Secondly, Europe 2020 has to become Europe 2012. The report refers to:

“An industrial policy for the globalisation era”,

and to:

“An agenda for new skills and jobs”.

This cannot be just a leisured anticipation of the future—in other words, the sort of paper Europe that we have always had in the past with very slow incremental change—but has to have bite in the here and now.

The politicians of EU2 are trying to drive through, almost overnight, reforms that should have been made over a decade or more. The fundamental issue of how to reconcile austerity with growth remains hugely problematic. What do the Government make of President Hollande’s proposal for an injection of €120 billion into the eurozone economy as a stimulus? I understand from the French newspapers that this would be primarily based on project bonds, which are touched on in these reports, and would be massively greater than anything that would come within the orthodox EU budget.

Thirdly, if it survives as a recognisable entity—and I hope that it does—EU1 has to resemble EU2 far more closely. The EU has to be more innovative and, as others have said, much more flexible and less bureaucratic. The mountains of bureaucratic literature that come to you when you are on an EU committee in this House are amazing. I am on the same one as the noble Lord, Lord Carter, who chairs it brilliantly, but we get enormous amounts of this. I do not think that this is possible in the EU’s new environment. It must act quickly. It is not just a matter of the moment, responding to crisis. This is an immensely fast moving world, so the EU must be reconstructed if it is going to be effective. It must be much more fast moving.

The second report has interesting proposals of its own to make and considers some proposals from the Commission. What is the Government’s view of how these goals are best achieved? How can the EU become much more adaptable and fast moving for the future? It cannot survive unless it does so. You cannot just revert to EU1, away from EU2. If it is to survive the EU has to be dramatically more adaptable.

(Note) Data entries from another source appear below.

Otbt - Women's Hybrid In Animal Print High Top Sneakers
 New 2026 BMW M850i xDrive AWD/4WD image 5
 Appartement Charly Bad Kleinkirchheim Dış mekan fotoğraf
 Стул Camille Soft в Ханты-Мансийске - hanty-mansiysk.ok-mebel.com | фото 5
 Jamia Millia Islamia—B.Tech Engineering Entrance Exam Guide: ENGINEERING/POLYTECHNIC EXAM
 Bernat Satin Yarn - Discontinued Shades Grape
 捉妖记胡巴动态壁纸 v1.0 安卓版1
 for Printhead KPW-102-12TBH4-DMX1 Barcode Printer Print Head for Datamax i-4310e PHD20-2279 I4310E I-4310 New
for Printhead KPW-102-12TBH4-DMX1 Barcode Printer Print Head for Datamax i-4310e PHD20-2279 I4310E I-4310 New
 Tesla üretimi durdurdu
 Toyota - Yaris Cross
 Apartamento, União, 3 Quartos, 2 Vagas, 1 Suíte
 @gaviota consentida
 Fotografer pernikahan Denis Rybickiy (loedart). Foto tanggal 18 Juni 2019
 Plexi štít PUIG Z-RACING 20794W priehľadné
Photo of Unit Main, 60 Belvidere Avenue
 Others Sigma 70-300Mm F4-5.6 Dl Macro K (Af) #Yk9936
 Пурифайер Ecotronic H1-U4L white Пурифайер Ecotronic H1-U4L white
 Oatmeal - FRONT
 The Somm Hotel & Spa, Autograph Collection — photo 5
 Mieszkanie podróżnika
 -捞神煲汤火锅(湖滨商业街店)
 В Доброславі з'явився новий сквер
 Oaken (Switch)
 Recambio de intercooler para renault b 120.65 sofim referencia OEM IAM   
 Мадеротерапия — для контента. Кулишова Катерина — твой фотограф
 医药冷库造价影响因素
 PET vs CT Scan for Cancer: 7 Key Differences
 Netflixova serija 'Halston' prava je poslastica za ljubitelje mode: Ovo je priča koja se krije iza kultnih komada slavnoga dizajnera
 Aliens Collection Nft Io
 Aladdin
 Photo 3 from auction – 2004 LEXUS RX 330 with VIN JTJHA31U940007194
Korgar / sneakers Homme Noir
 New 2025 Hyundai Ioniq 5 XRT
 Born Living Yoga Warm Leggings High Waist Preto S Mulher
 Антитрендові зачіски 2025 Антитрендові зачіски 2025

In conclusion, even in the horrible crisis in which the EU is enmeshed, as a pro-European I would not want to give up the European dream. Even against the backdrop of this crisis or perhaps using it as a mechanism for necessary change, I would like to see the EU creating a model for growth different from that of the United States and from China’s and integrating it with the European social model. American growth is based on cheap credit, cheap energy and endless mobility. This is surely not a way for the future. The Chinese model for growth is environmentally far too destructive to be profitably copied elsewhere. In Europe a different model of growth can be still be pioneered which would be environmentally as well as economically sustainable.